Getting a handle on details such as these will give you a more complete picture of your needs and put you in a better position to comparison shop. You may decide to drop some services and add others. You may want to go with one company for all your service needs, or use different companies for local, regional, and long distance service.

Comparing Services
Base your comparisons on the desirability, quality, and cost of the services available. Ask the following questions of each company that you’re considering:

  • Is there a monthly charge, monthly minimum charge, or per-use charge for any service?

  • Do I have to commit to use your company’s service for a certain period of time? If so, is there a fee for canceling early?

  • How does your company handle inquiries and complaints for each of the services you provide? Is there a 24-hour customer service department? Are customer service calls toll-free?

  • How will I be billed? Will my statement be itemized?

  • Who do I call for repairs? Billing problems?

  • Do you offer discounts if I buy several services from your company? Can I customize a package to fit my needs? Customized services may include cellular, paging, Internet access and connections, fax, call waiting, call forwarding, call blocking, call trace, caller ID, voice messaging, text telephone (TTY), inside wire maintenance, and a regional or a long distance calling plan. What costs are involved with these products and services? Will I need additional phone lines?

  • Do you have special services for customers with vision, speech, or hearing problems? Is there an extra charge for these services? If so, how much? Do I have an option to purchase or lease the equipment?

  • Are there discount telephone services available for low-income consumers, such as discounts for establishing service, on monthly charges, or on long distance toll calls?

Dial “C” for Caution
Review all mail and telephone offers for communication services carefully. Be aware of the following deceptive sales techniques:

  • Slamming. This is the unauthorized switching of your phone service from one telephone company to another. Federal law and the Federal Communications Commission’s (FCC) rules and policies prohibit slamming and require carriers to verify a carrier change. Some unscrupulous marketing techniques may cause you to switch services unintentionally. If you fill out any "information," "contest," or offer forms, read them carefully to determine whether completing and signing the form will change your local, regional or long distance service to another company. And be very careful about what you say to telemarketers that call to sell you telephone service. Get an address and phone number. If you have any doubt about the offer, ask for it, and any agreements, in writing.

  • Huge discounts. Some companies may try to entice you to switch to their service by offering "great discounts." These companies often compare their rates only to the highest rates of well-known carriers and may charge a hidden monthly access fee.

  • Introductory offers. Some plans may give you service at a discounted rate for a limited time, then increase the rate unless you cancel. Remember, companies often charge a fee for changes in service. Ask about all fees and cancellation policies before you sign up. Get them in writing.

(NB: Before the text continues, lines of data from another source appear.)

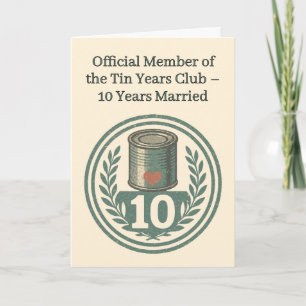 Tin Years Club Vintage Emblem 10-årsjubileum Kort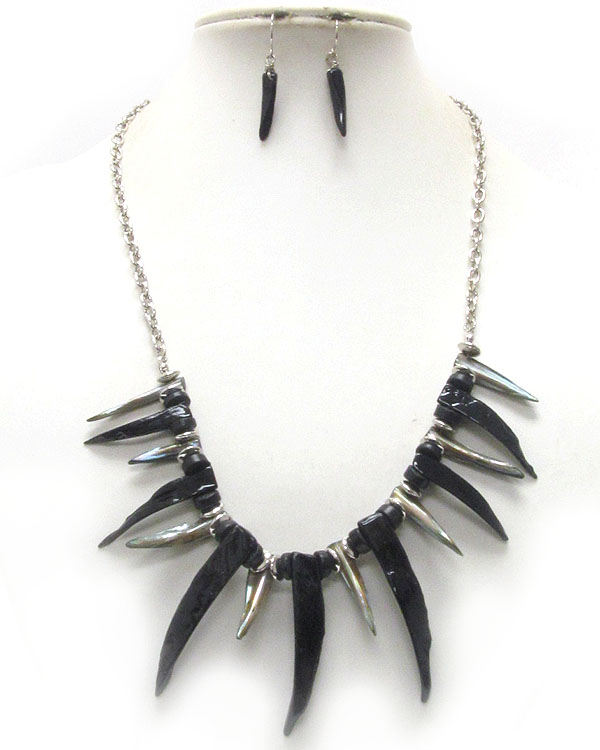 Multi shell spike tribal look necklace earring set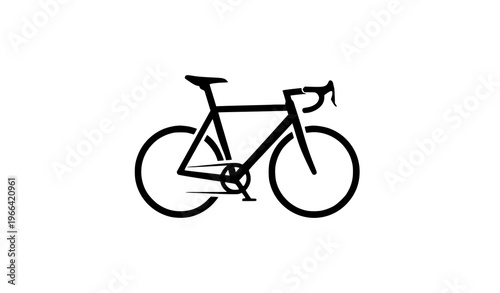 Modern minimalist bicycle silhouette logo vector with clean geometric road bike design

  • Package deals. Some companies may offer discounts if you buy a package of services. Consider your calling needs and patterns. It may be cheaper to buy only the individual services you need.

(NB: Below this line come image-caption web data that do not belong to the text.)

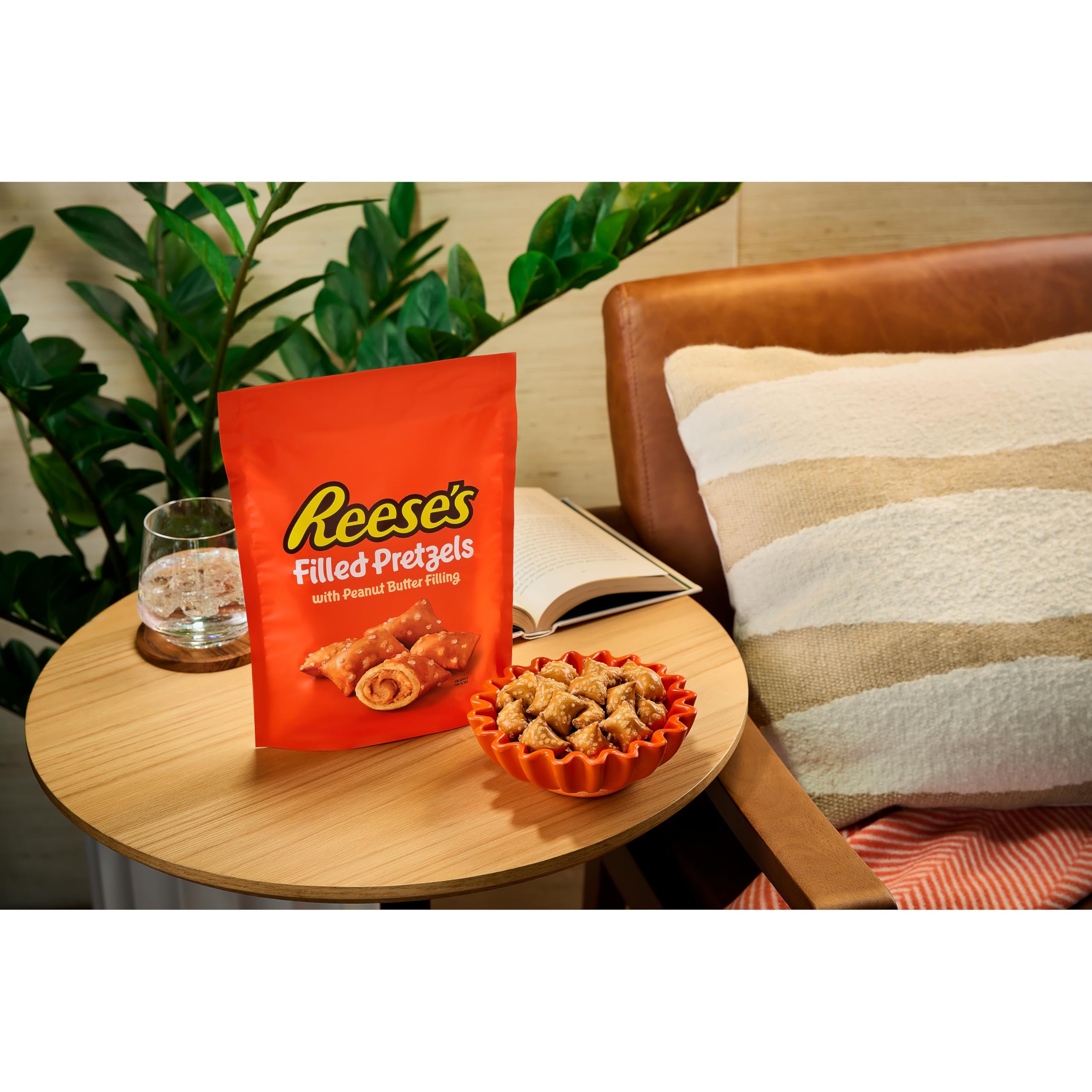 Reese's Filled Pretzels pair well with coffee for a mid-day treat.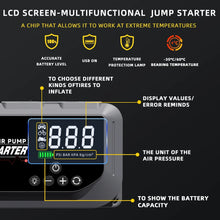 Load image into Gallery viewer, Universal Portable 12V 8000A Smart Emergency Car Jump Starter, With Emergency Air pump, Flashlight, And Power Bank
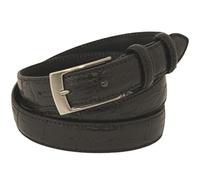 ITALOITALY Cintura in Vera Pelle, ca. 2,5 cm, Effetto Coccodrillo, Doppio Passante, Prodotto Artigianale, Made in Italy, Unisex, Accorciabile (Nero, Girovita 100 cm = Lung. totale cm 115)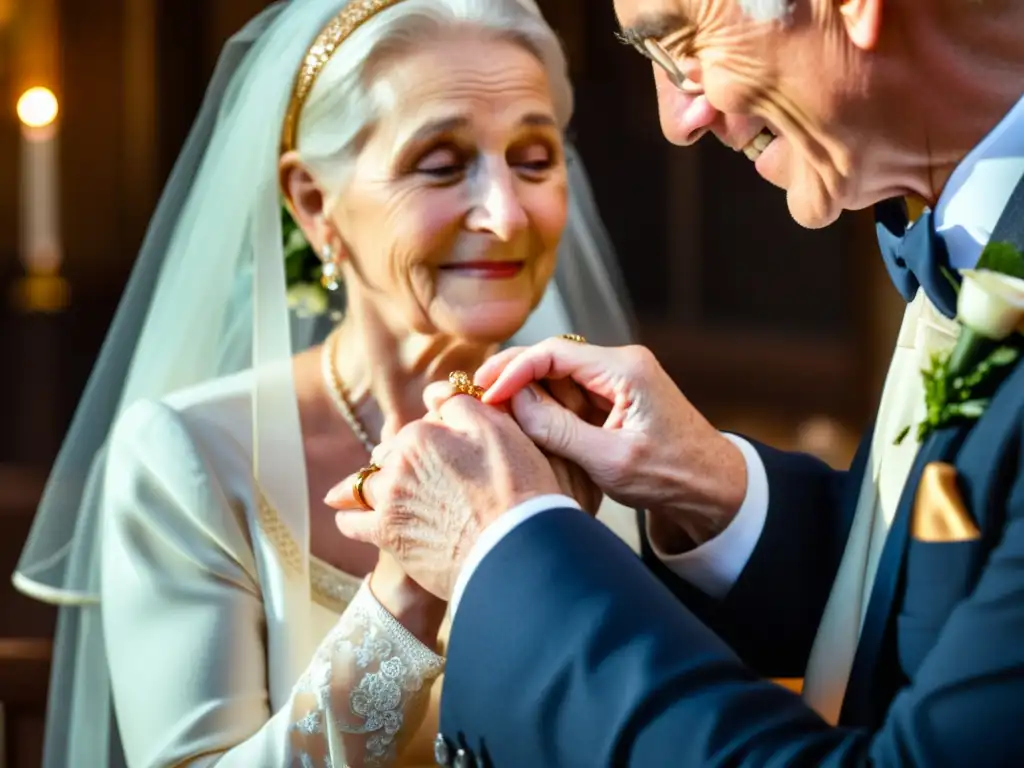 Una pareja de ancianos intercambia anillos de boda en una iglesia iluminada por velas, reflejando tradiciones emotivas en bodas latinoamericanas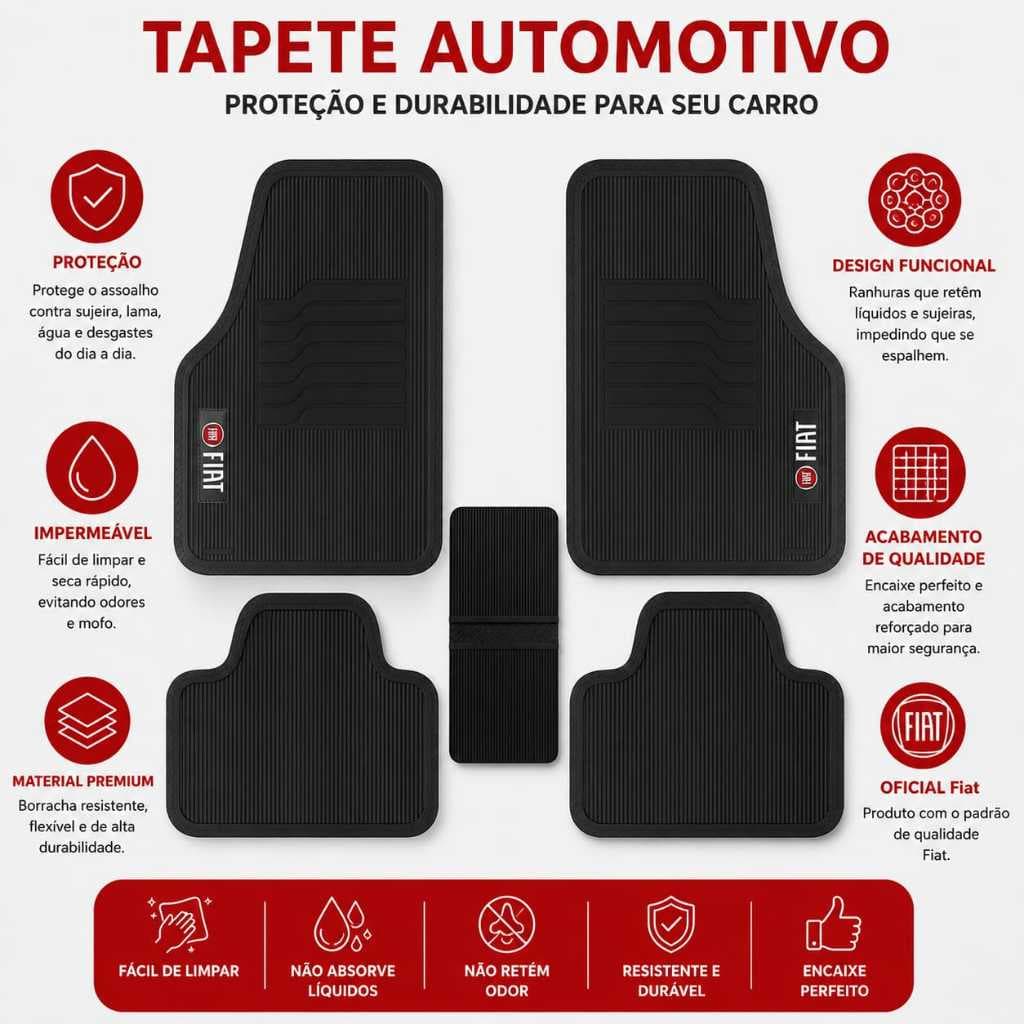 Tapete Para Carro Automotivo Bordado Variações kit 5 Peças Reforçado Antiderrapante Lavável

  • Fine print. Some companies include their minimum monthly fees or other charges in the fine print of their promotional materials. Read the fine print before signing up for or using a company’s service.

  • Verification gimmicks. Some companies may call you to offer a great deal on one service, but when you’re connected to a "verifier" to complete the sale, the verifier may try to sell you additional services. Be sure you understand the deal you’ve agreed to before you’re transferred to a verifier. Then, listen carefully to the verifier to confirm that you’re buying only what you agreed to, and nothing more.

Your Rights
You have rights when you shop for, select, and use a communication services company:

  • The right to choose the services you want and need, whether you buy them separately or as a package. Resist high-pressure sales techniques to buy more than you need.

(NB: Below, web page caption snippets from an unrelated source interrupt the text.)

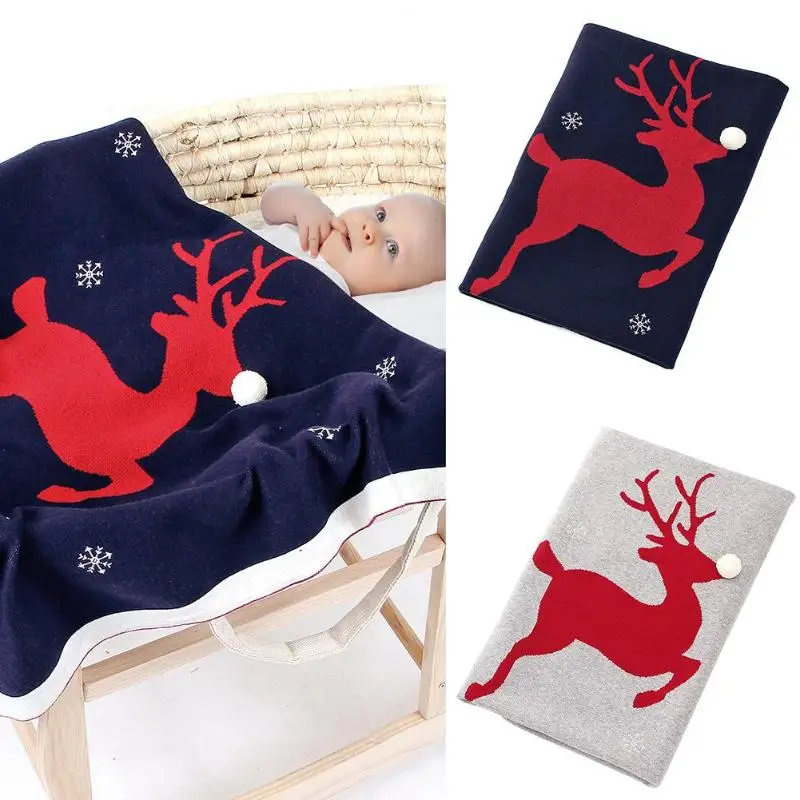 

Christmas Elk Baby Blanket Warm Bedding Quilt Cotton Newborn Photography Infant Swaddle Wrap Sleeping Blanket Stroller Accessory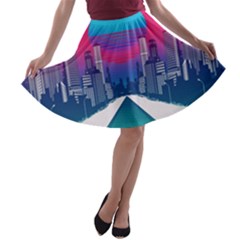 Retro Cityscape Artist Artwork Digital Art A-line Skater Skirt by uniart180623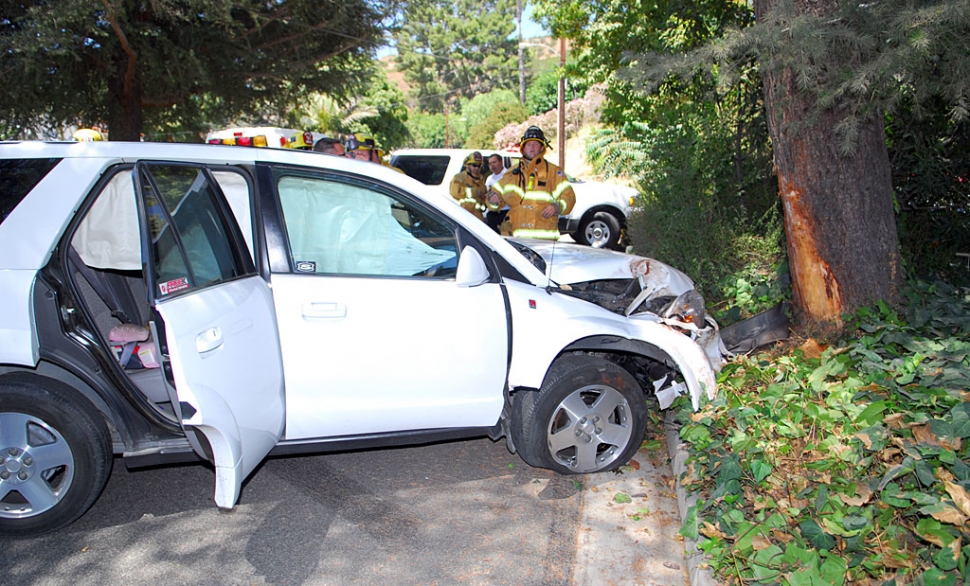 Midday Friday, the driver of this car lost control heading north up Hillside Drive and crashed into a Pine tree. No cause for the accident was available, and no serious personal injuries were reported. The vehicle suffered substantial damage.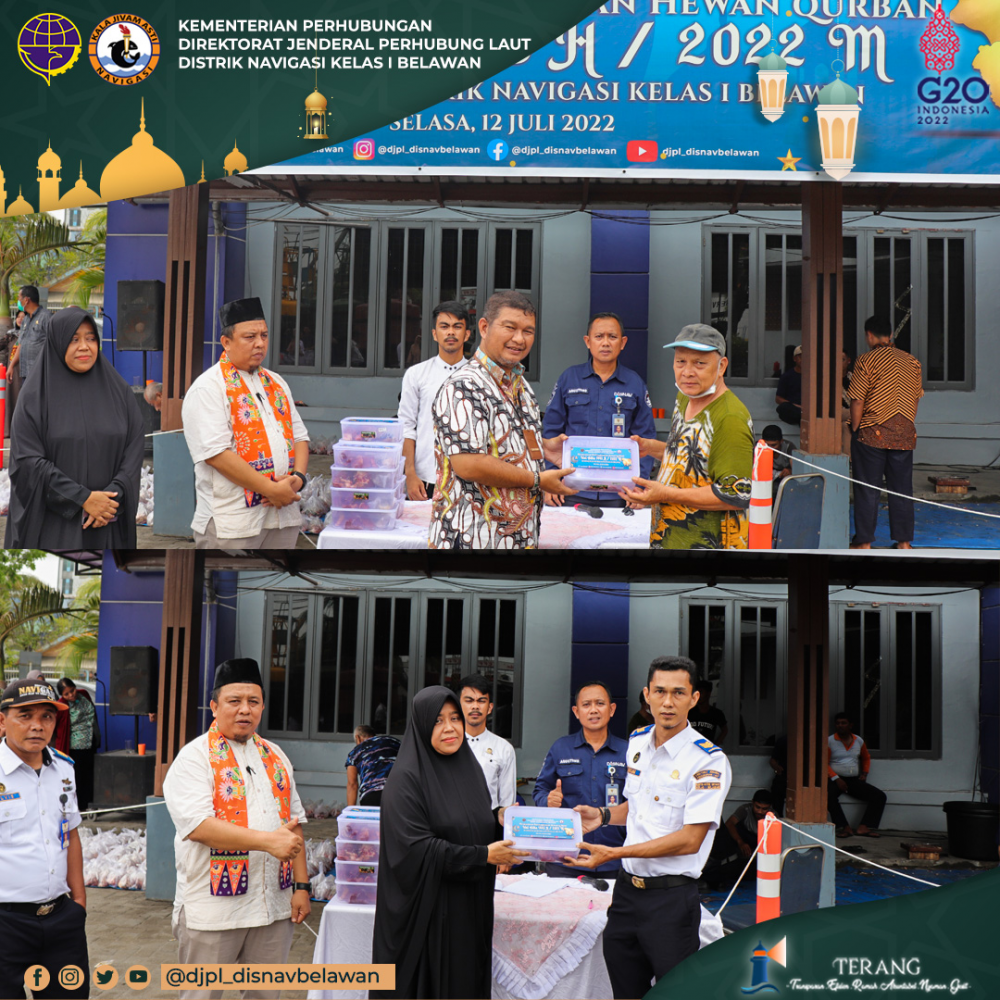 Pelaksanaan Penyembelihan Hewan Qurban Idul Adha 1443 H / 2022 M dI Lingkungan Distrik Navigasi Kelas I Belawan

  • The right to information so you can compare products and services and make the best buying decision for your calling needs. The companies selling you services can offer specific product information. Consumer groups also may be helpful. Consider contacting:
  • The Tele-Consumer Hotline, an impartial and independent consumer education service offers free publications to address your telecommunications-related concerns and issues. For free publications, send a self-addressed stamped envelope toTele-Consumer Hotline, P.O. Box 27207, Washington, DC 20005.

  • The Telecommunications Research and Action Center (TRAC), a non-profit consumer organization devoted to educating consumers on their telecommunication choices. You can request a publications list by sending a stamped, self-addressed envelope to TRAC, P.O. Box 27279, Washington, DC 20005.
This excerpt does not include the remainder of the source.